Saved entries
******************************
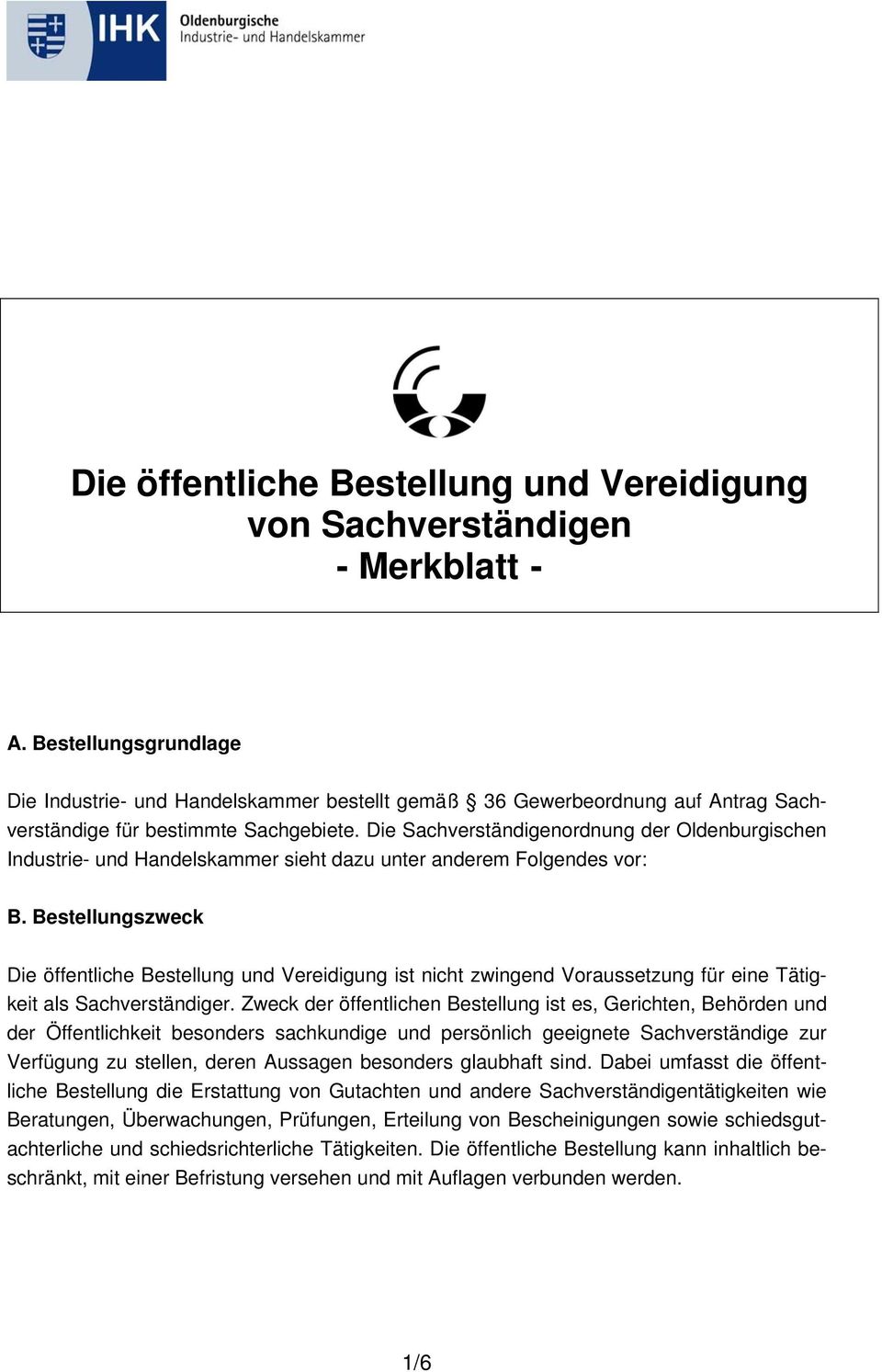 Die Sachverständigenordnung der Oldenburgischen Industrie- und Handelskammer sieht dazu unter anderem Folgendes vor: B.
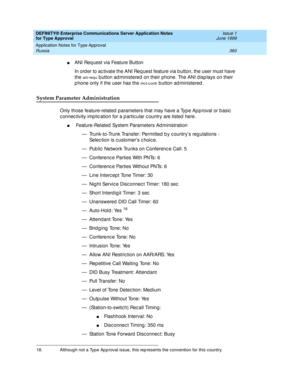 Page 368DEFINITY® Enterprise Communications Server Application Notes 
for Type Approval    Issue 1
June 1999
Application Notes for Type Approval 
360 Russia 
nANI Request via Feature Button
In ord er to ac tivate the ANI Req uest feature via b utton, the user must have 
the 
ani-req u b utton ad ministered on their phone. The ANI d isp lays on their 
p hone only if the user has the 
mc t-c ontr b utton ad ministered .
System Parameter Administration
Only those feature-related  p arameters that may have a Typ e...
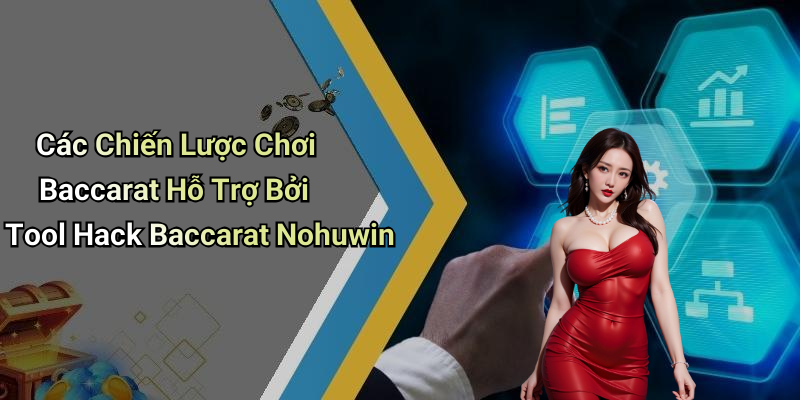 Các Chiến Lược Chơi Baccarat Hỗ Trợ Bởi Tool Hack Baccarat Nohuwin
******************************
● TASK DESCRIPTION
Would you count the lines in the data that contain the word "user" and state only the number?

● ANSWER BELOW
2